Renegade Harding Returns Embattled Figure Skater To Make Her Pro Debut Prior To Hockey Game

Tim Dahlberg Associated Press

If Tonya Harding was talking, she might have something to say about making her skating comeback on the same ice with a minor-league hockey team called the Renegades.

Since she’s not - unless someone pays her to do so - Harding will have to let others draw conclusions about her pro debut tonight.

“Tonya’s kind of averse to talking,” her agent, David Hans Schmidt, said. “We just don’t look at it as necessary for her.”

Skating’s bad girl, banned for life from amateur competition, returns to the ice in a 2-minute exhibition skate before the Reno Renegades play the Alaska Gold Kings at the Reno Convention Center.

That is, assuming she’s not abducted by space aliens or picked for the Bolivian Olympic team before her scheduled skate at the Reno Convention Center.

It’s a coming out party of sorts for Harding, last heard from only 10 days ago when she told police she was kidnapped while going out to her pickup truck for a cigarette.

And guess what? There are people who want to see her.

“There’s a big trailer-park crowd behind Tonya,” Schmidt said. “And middle-class America is really for her.”

A spokesman for the Renegades said Harding’s appearance is expected to be the team’s first sellout of the year in the 4,434-seat arena, where the Renegades average about 2,500 fans a game.

Some of those will be guests invited by a Reno casino that is paying Harding an undisclosed amount of money to skate and later mingle with high-rollers at a cocktail party.

Harding, who trains at the Clackamas Town Center mall in the Portland area, will be making her first public skating appearance since her tearful showing at the Lillehammer Olympics.

The ever-enterprising Schmidt hopes it will lead to other exhibitions, perhaps between periods of NHL games or with professional ice shows. Schmidt wrote all 26 NHL teams a few months ago but has yet to get any deals.

“We’re entertaining some NHL offers for Tonya,” he said. “Figure skating has always been considered an elite sport while the average hockey goers drink beer, eat pretzels and get rowdy. Tonya herself is known for not coming from a prima donna gang and we’re willing to take a shot at it.”

Harding, who is still on probation for her role in the attack on rival Nancy Kerrigan three years ago, plans to skate a simple routine without any attempts at her signature triple axel.

At least that’s what Schmidt says, since he refuses to allow Tonya to talk to the media unless they’re paying for the privilege. Schmidt said he has sold exclusive deals for Tonya to talk to a few television shows.

“She is some kind of enigma right now and we’d like to keep it that way for the time being,” Schmidt said.

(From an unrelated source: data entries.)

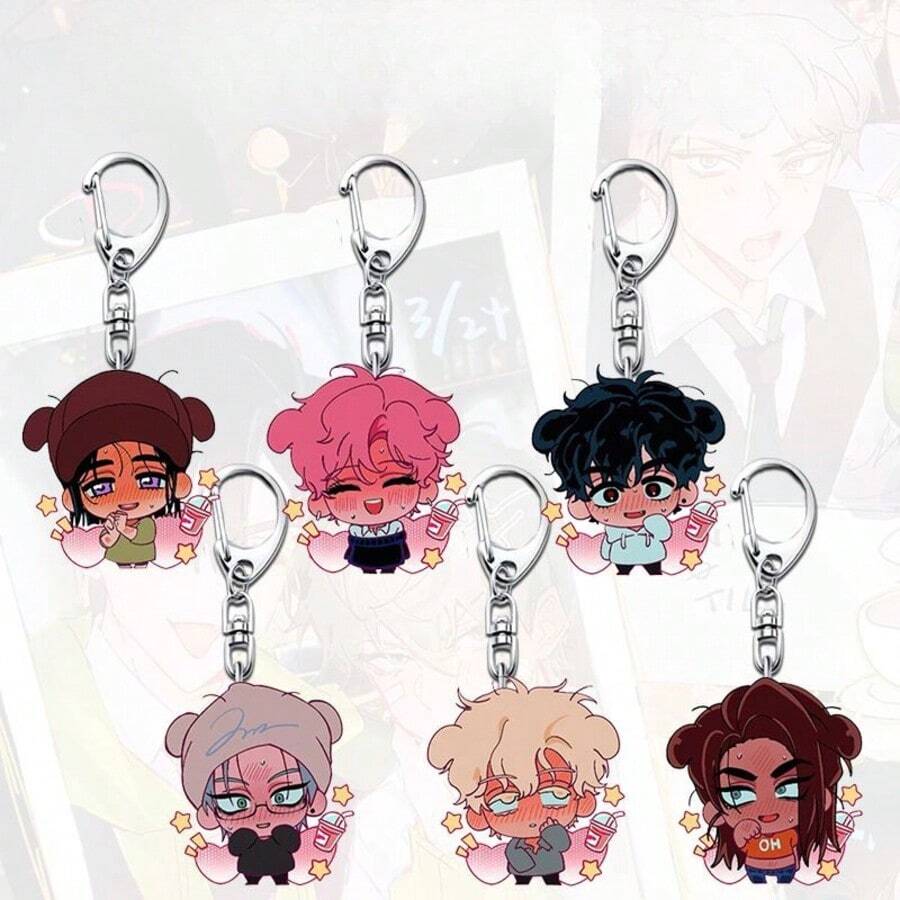 1 Peça Chaveiro de Palco com Formato Assimétrico, Acrílico, Fofo, Presente para Estudante, Mochila, Pingente de Anime Cartoon - Multicolorido - Visão 1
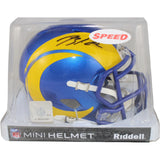 Blake Corum Autographed Los Angeles Rams Mini Helmet Beckett Witness 53609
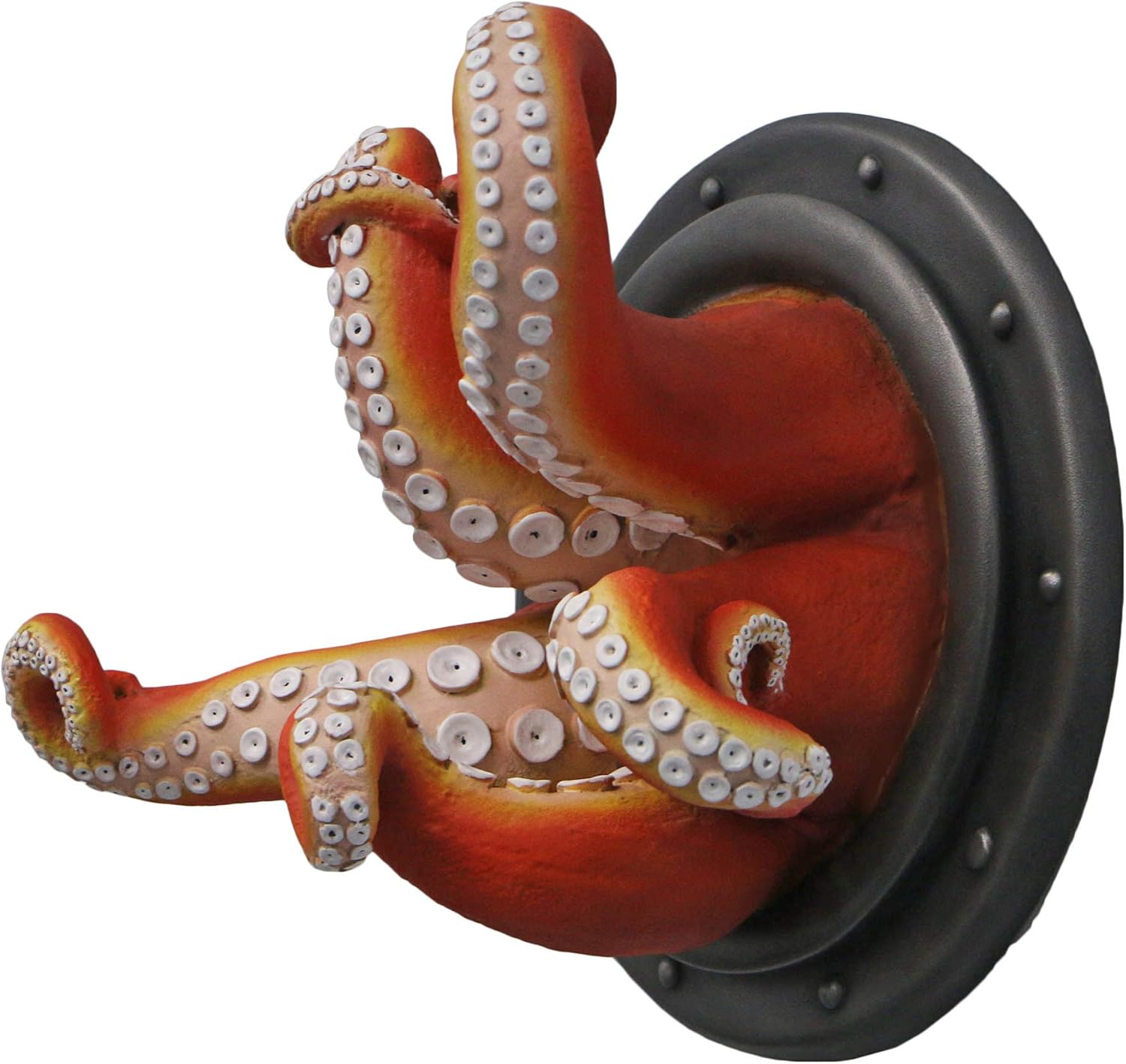 Nautical Tropical Under The Sea Octopus Finish Wall Sculpture Orange Tentacles Iron Porthole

Just how much of an enigma can be argued after Harding’s latest escapade, in which she told police she was kidnapped and forced to drive a man around before escaping by running her pickup truck into a tree.

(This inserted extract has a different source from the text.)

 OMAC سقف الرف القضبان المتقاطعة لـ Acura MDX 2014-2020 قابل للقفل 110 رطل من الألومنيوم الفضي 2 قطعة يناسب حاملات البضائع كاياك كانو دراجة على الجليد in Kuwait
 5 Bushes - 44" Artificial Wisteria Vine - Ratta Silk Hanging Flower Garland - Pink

This was after a night spent at the same tavern where Tonya last year claimed to have saved a woman’s life by giving her CPR.

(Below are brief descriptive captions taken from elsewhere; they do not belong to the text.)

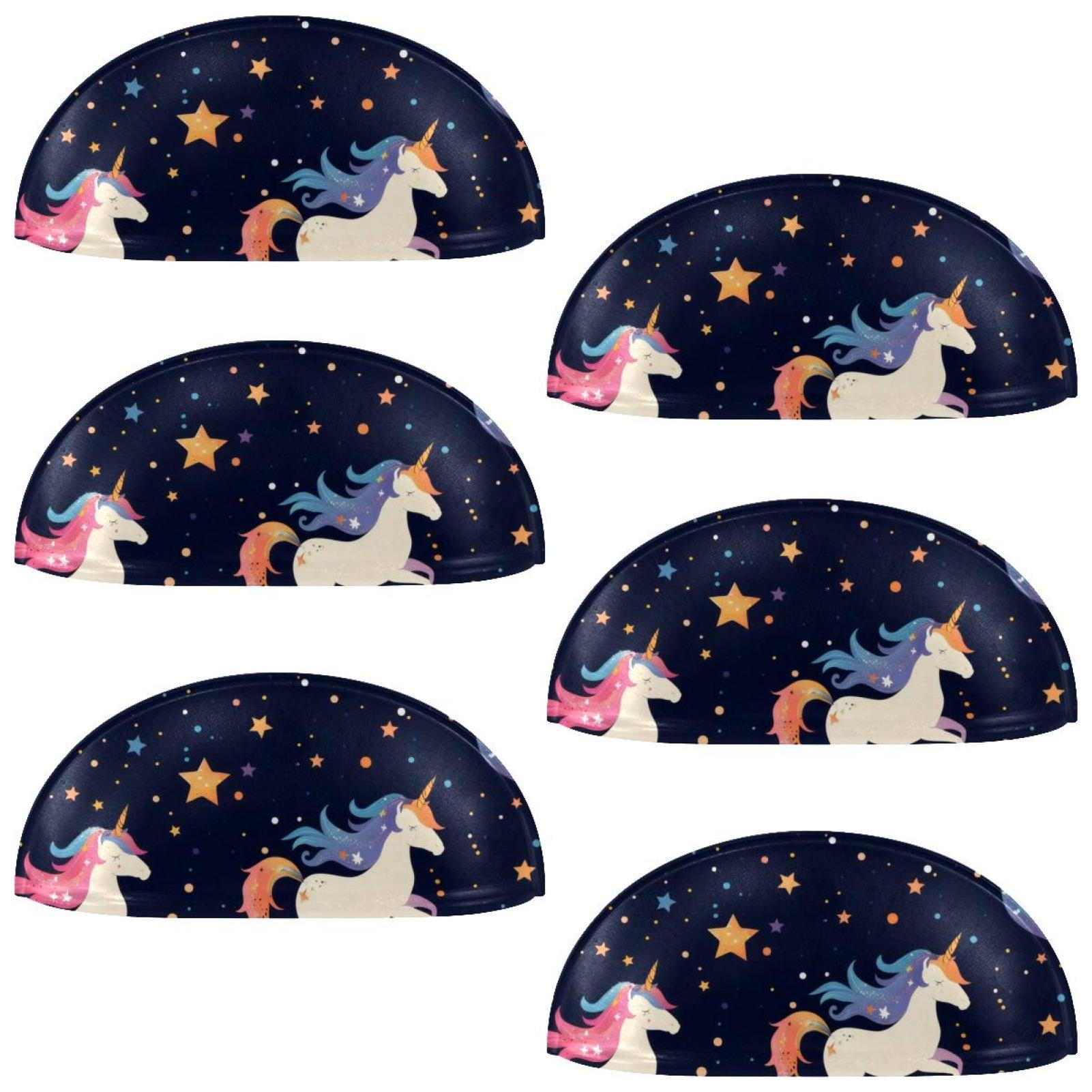 PhooArto 6 Pcs Cup Drawer Pulls, Galaxy Unicorn Stars Shell Shape Handles Cabinet Knobs for Dresser Cupboard Closet Wardrobe with Screws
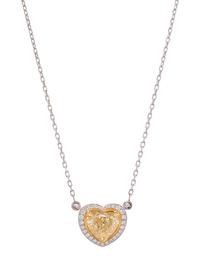 FANCY LIGHT YELLOW DIAMOND AND DIAMOND PENDANT/NECKLACE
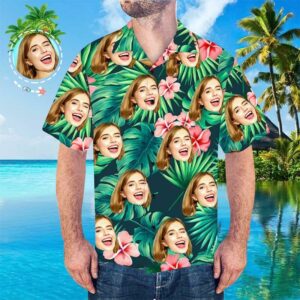 Custom Face Leaves &Amp; Flowers Men'S All Over Print Hawaiian Shirt  - Thelegend59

And it came at a time the U.S. Figure Skating championships were taking place in Nashville, leading some to think Harding might have been trying to steal the spotlight from the sport.

“I don’t know what to think about her,” said world champion Todd Eldredge. “Who knows what’s going to happen with her. Maybe she’ll show up in a competition somewhere.”

That’s unlikely, although Schmidt said he may petition U.S. figure skating officials for reinstatement later this year and, if that fails, shop for another country that Harding could compete for in next year’s Olympics.

“Tonya really wants to skate for the U.S. and represent the red, white and blue as she did in two previous Olympics,” Schmidt said. “If that is not a possibility we would look elsewhere.”

That might be her only option, judging from the reaction of U.S. skating officials to a skater they consider an embarrassment to the sport.

“She has been banned for life from our competitions,” said Jerry Lace, executive director of the U.S. Figure Skating Association. “What she does in other areas is of no concern to us. She will not skate in USFSA events.”